DATA SHOWN:

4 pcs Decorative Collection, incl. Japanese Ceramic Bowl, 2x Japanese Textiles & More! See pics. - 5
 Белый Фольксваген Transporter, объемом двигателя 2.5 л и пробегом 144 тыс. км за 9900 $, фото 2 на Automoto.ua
==
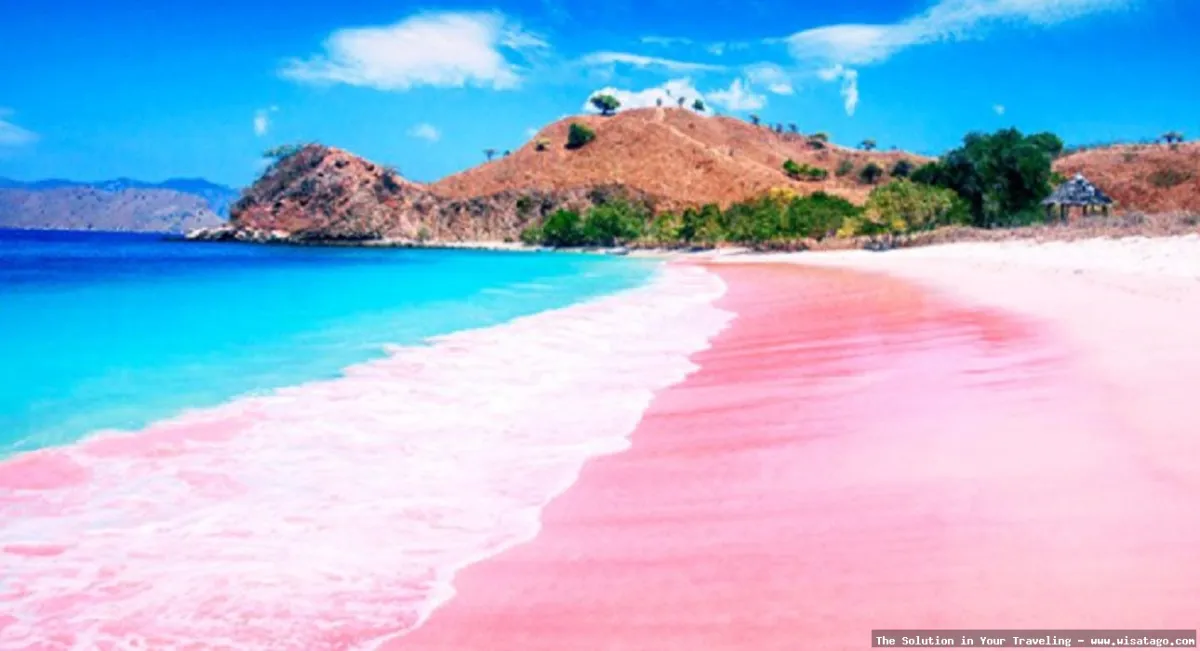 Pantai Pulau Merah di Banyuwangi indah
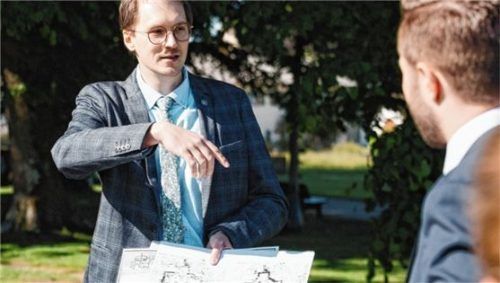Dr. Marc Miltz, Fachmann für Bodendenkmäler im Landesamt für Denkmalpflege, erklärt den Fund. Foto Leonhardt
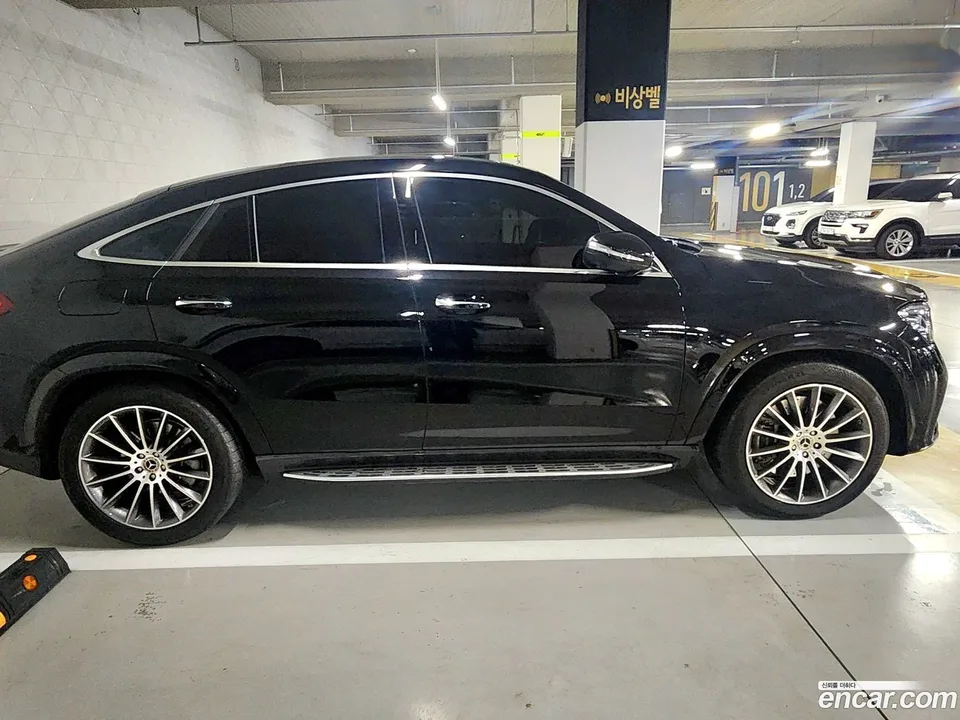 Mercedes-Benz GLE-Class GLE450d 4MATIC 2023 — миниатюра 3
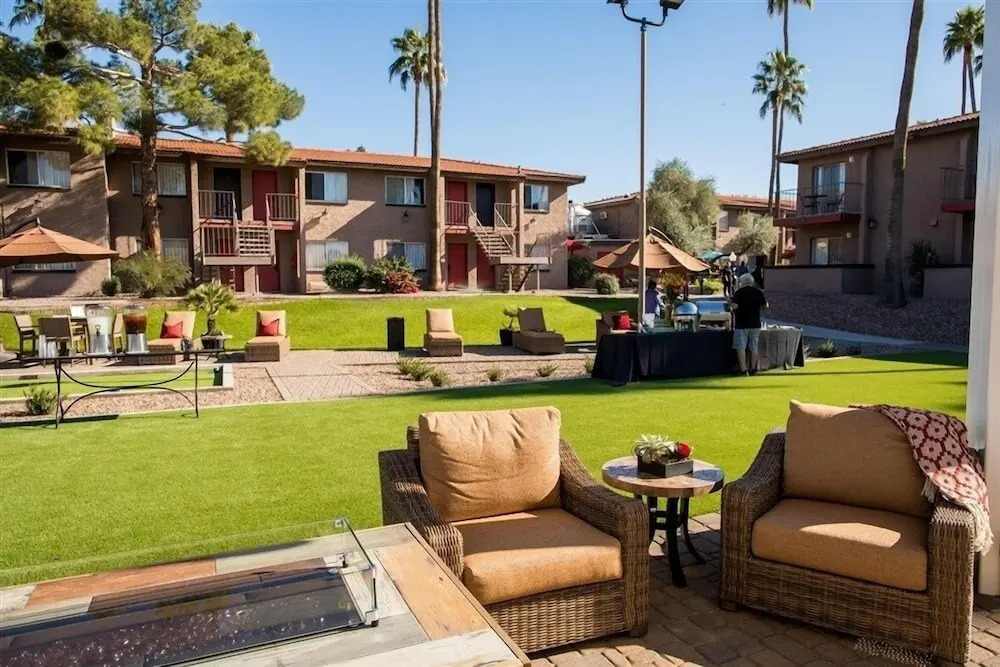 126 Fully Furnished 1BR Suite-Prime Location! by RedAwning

EXERCISE DIRECTIONS: Copy the lines above exactly, starting with the line that contains "Dr. Marc Miltz, Fachmann" and ending with the line that contains "126 Fully Furnished", and leave out any pictures.

RESPONSE TO THIS TASK:
Dr. Marc Miltz, Fachmann für Bodendenkmäler im Landesamt für Denkmalpflege, erklärt den Fund. Foto Leonhardt
 Mercedes-Benz GLE-Class GLE450d 4MATIC 2023 — миниатюра 3
 126 Fully Furnished 1BR Suite-Prime Location! by RedAwning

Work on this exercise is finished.